Window Box Two – Dainty pinks and white
Carnation ‘Kahori’ – a compact perennial with grey-green foliage smothered in frilly bright pink flowers with a rich, sweet fragrance. Long-flowering, heat and cold tolerant, and perfect for a window box garden.
Chrysanthemum paludosum ‘Pure White’ – this annual produces masses of white flowers with yellow centres. Always a good choice as a filler plant in containers or the garden.
Gypsophila muralis ‘Gypsy Deep Rose’ – fluffy mounds of semi-double pink flowers, good for bulging up and spilling out of window boxes. Willing in full sun and semi-shade, and available in white, pink and deep rose.
Window Box Three – Silver succulents with blue
Kalanchoe pumila – a cute and tough succulent groundcover with powdery grey leaves that have a lilac tint. Clusters of lilac to pinkish purple flowers appear in late winter and stay until summer.
Statice perezii ‘Atlantis’ – an evergreen perennial that forms a rosette of large, leathery leaves. The flowers are clusters of bi-colour blooms that are supported on stems ranging from 15 – 60cm tall.

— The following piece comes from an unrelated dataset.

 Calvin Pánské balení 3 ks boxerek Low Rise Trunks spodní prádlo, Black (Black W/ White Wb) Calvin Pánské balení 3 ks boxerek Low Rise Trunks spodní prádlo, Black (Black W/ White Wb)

These bi-coloured flowers range between purple, blue and white, and have a papery feel to the touch.
Senecio candicans ‘Angel Wings’ – an eye-catching perennial with a rounded, evergreen growth habit with large, heart-shaped, silvery white leaves with slight indentations on their margins. Short, dense hairs on the surfaces of the leaves feel velvety to the touch.